I’m a travel writer. I like reading non-fiction. In fact, I never read fiction at all. I just can’t waste time on something that didn’t happen; which is why it came as a galloping shock to me when I recently started writing fiction. In fact, everyone who knows me is shocked. My readers have responded with kind words of encouragement and many have enjoyed my fiction more than my travel stuff. A pair of pleasant surprises!

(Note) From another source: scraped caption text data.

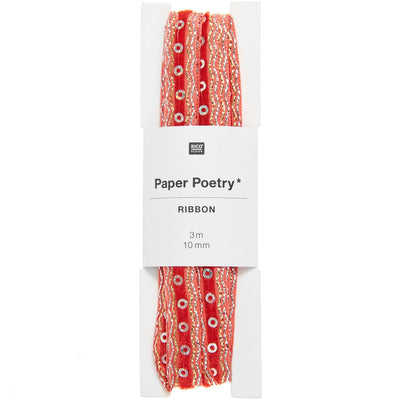 Paillettenband Samt, Rot, 10mm x 3m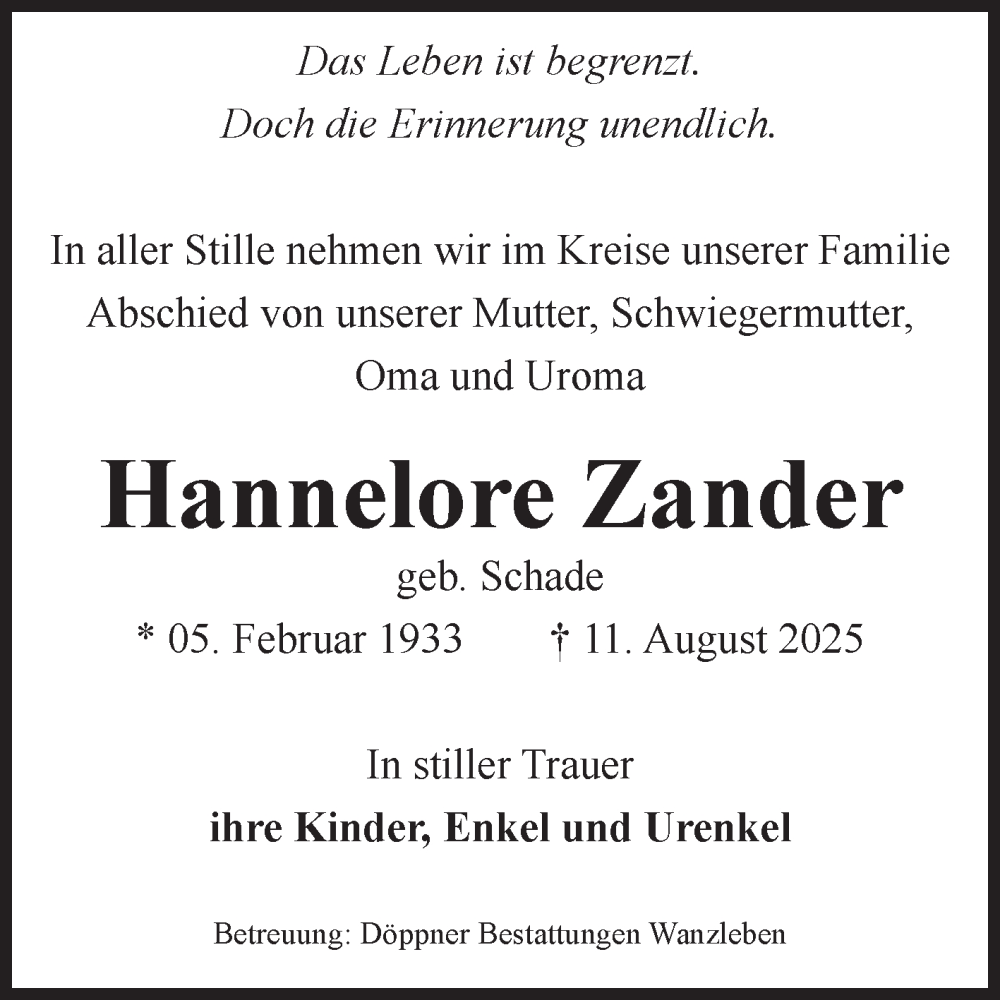  Traueranzeige für Hannelore Zander vom 23.08.2025 aus Volksstimme Magdeburg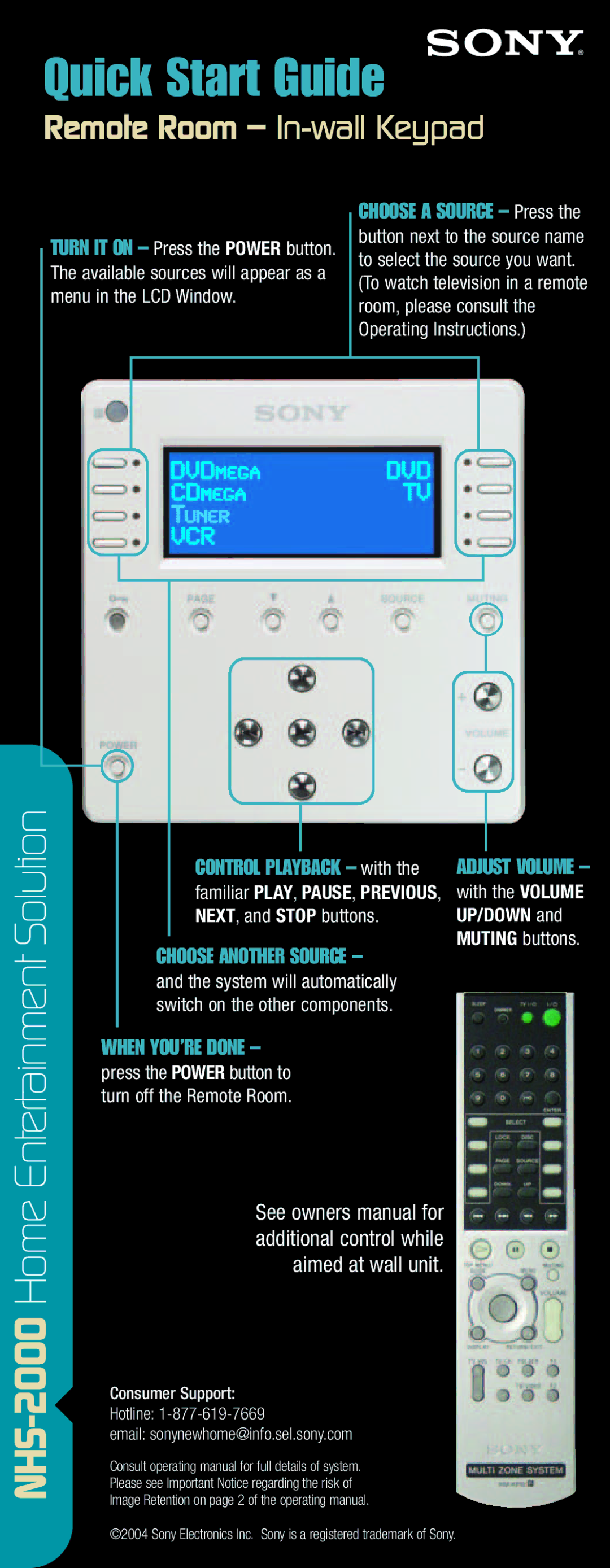 Sony NHS-2000 quick start Remote Room In-wall Keypad, Control Playback with 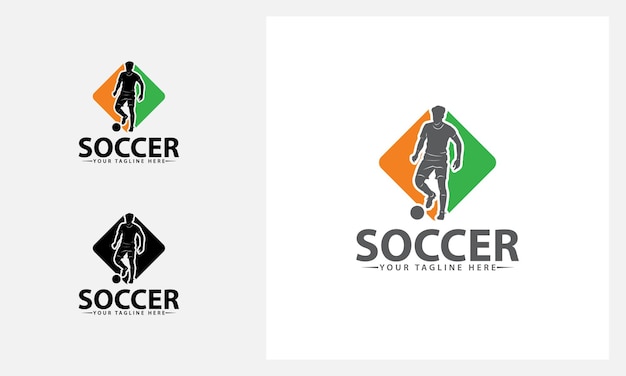 Vetor modelo de design de logotipo de jogador de futebol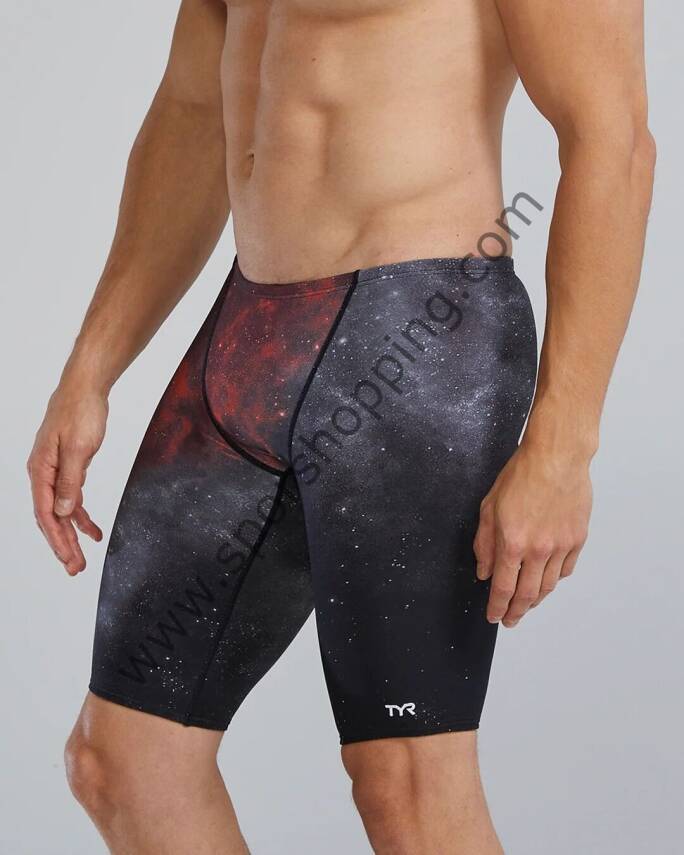 TYR Erkek Çocuk Yarış Jammer Mayosu Galaksi Desenli – Kırmızı / Siyah Performans Yüzücü Mayosu SSTA7Y61024 - 4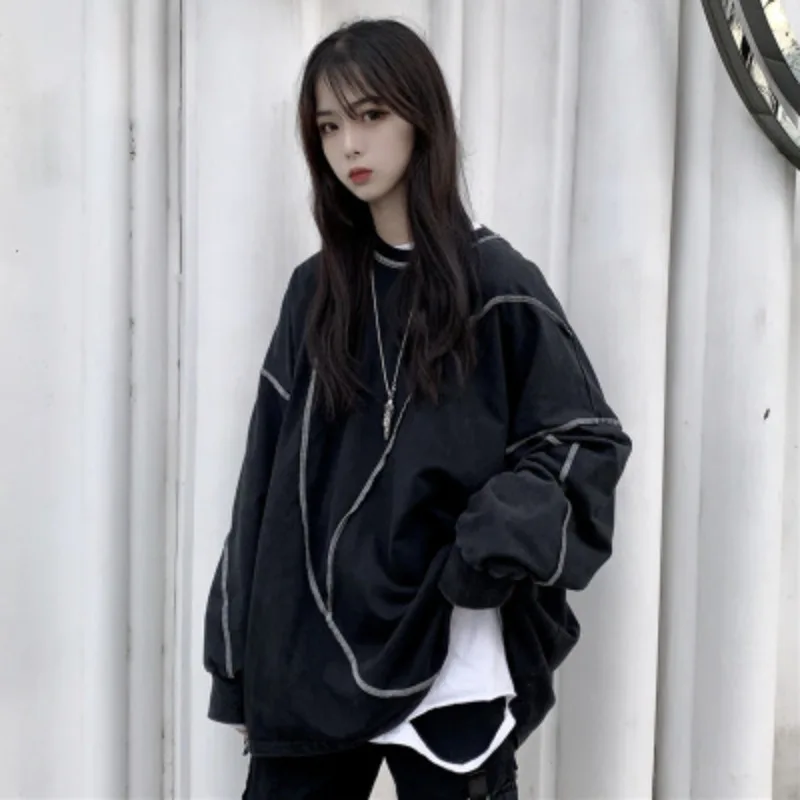 Koreańskie bluzy z kapturem Harajuku czarne Hip-hop szykowne dla nastolatków jesienne modne, dopasowane na co dzień, proste damskie Y2k Streetwear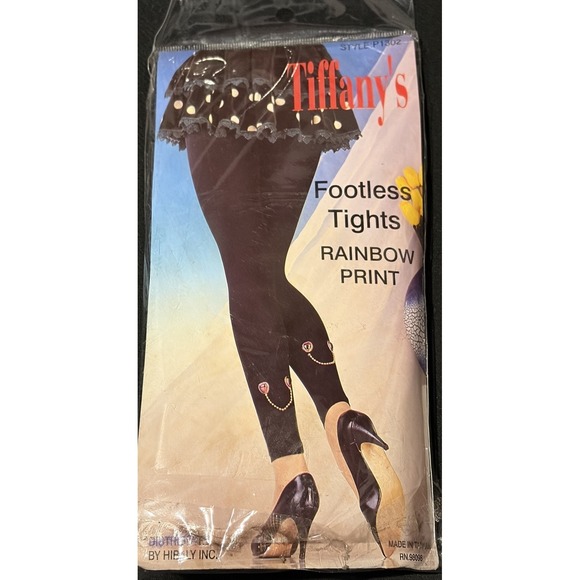 Tiffany’s Accessories - Vtg 80s 90s Black Footless Tights Rainbow Heart Charm 100–175 lbs, 5'–5'10"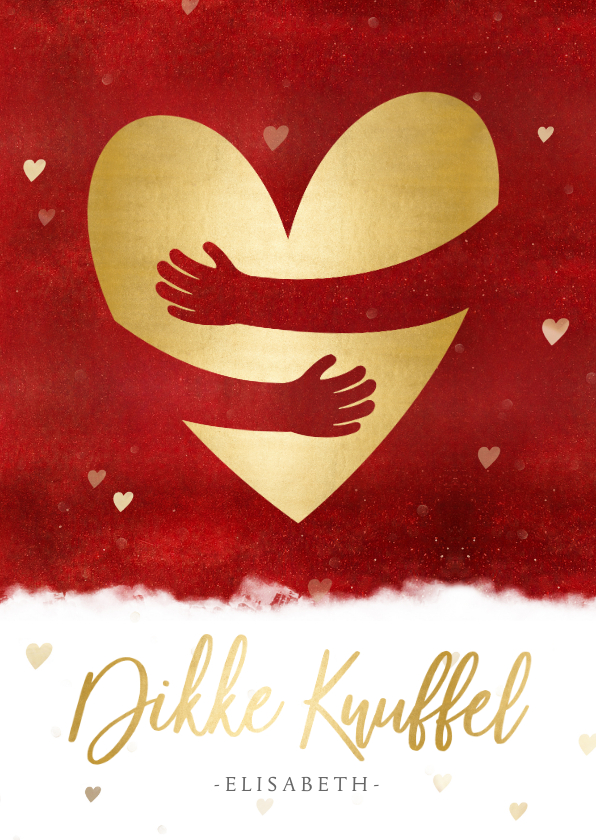 Valentijnskaarten - Stijlvolle valentijnskaart met gouden hart en knuffel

My fiction has a specific feel to it - Southeast Asia, 1800s, Military, Missionary - and after writing each one I feel a sense of accomplishment that goes far beyond the travel writing I’ve done. It’s so different. It’s so fun! I think what has captured my imagination so readily is my absolute rock solid lifelong commitment to a Philippians 4:8 lifestyle. This scripture, more than any other, really captures who I am. I’m a goody-two-shoes and always have been. It’s sort of pathetic. But it’s better than wonderful and more than beautiful. Why make Phil 4:8 your way of life? Because Psalm 1, that’s why!
Every step of my life, in spite of my sin nature, God has guided and protected me; he has rewarded me and made me prosper; he has warmed my soul and kept my heart tender to his presence; and these things in spite of a good number of reasons to quit and give up on the Body of Christ. It’s a rough hewn group of people and it’s frankly nice to get away from it sometimes. But when I find myself pulling as far back as I ever have - ever before - it is then when I feel like I could write the ripest fiction in the world! If I could put down my thoughts on paper right then - strike while the iron’s hot - I could produce some page turners! But every single time I’ve sat down to give it a try I get a few sentences into it - one time a few paragraphs - and then I stop cold. I delete and write something else.
It’s not me.
My evil thoughts are mine and they’d serve no purpose to be anyone else’s. I can’t step outside of Philippians 4:8, not because of some mandate or some sense of obligation, but because I genuinely thrive in it. I feel it is right; meaning, I sense the rightness of it as I walk in it. It is a narrow path and I chose to walk it.
I have a missionary friend who reads my fiction - short stories, all - and loves them! In fact, she’s my biggest fan. And she and I have chatted for some time far below the surface level most friends do. She knows my struggle with testing the boundaries of Phil 4:8 and my wish to step far outside and throw caution to the wind! She’s even encouraged me to give it a try so that my fiction doesn’t get in a rut and become the same story over and over with different characters. In truth, I try and try.
But I can’t. And Psalm 1. That’s why.
I am like a tree which has been planted by streams of water, bearing fruit in season. I love life by the river! Better is one day? How about every day? I started travel writing at the encouragement of my wife who loved to read my stuff. My foray into fiction was sudden and unexpected - even by me. I never once thought of either as a form of worship, but my cavalier attitude towards the whole writing process has been challenged by my struggle with writing a villain as a main character.
My writing, in fact, is one of the ways I make an offering to God; my fiction especially. My main characters are invariably upright. It might make them predictable, even boring. The plots always twist to the unexpected, but they’re never dark. There’s truth and loveliness in them.
I was raised with the party line every church kid gets that you should “do everything as if unto the Lord” and frankly I hadn’t given the Lord one thought when I started writing fiction just for fun. It was just for fun! But it turns out, I am led by still waters - another great Psalm - and I write what I know. I know Southeast Asia, I've lived in Hong Kong and Thailand; I know 1800s, I'm a history teacher and it's my favorite era; I know Military, I'm a US Army veteran; and I know Missionary, having served as a missionary myself, but much to my surprise I also know Still Waters and they are reflected in my fiction; or does my fiction reflect them.
If you’ve never memorized Philippians 4:8 I challenge you to do so! Psalm 1 too! Lock these in your heart and meditate on them day and night. After a life spent in His courts planted by streams of water I am bearing fruit in this season and - oddly enough - it’s in the form of writing fiction, something I never imagined I would ever do.
And the Lord will watch over my coming and going both now and forevermore; another great Psalm. And so I find myself accidentally writing as an act of worship. I guess I'll just keep after it until something else comes along! Here here!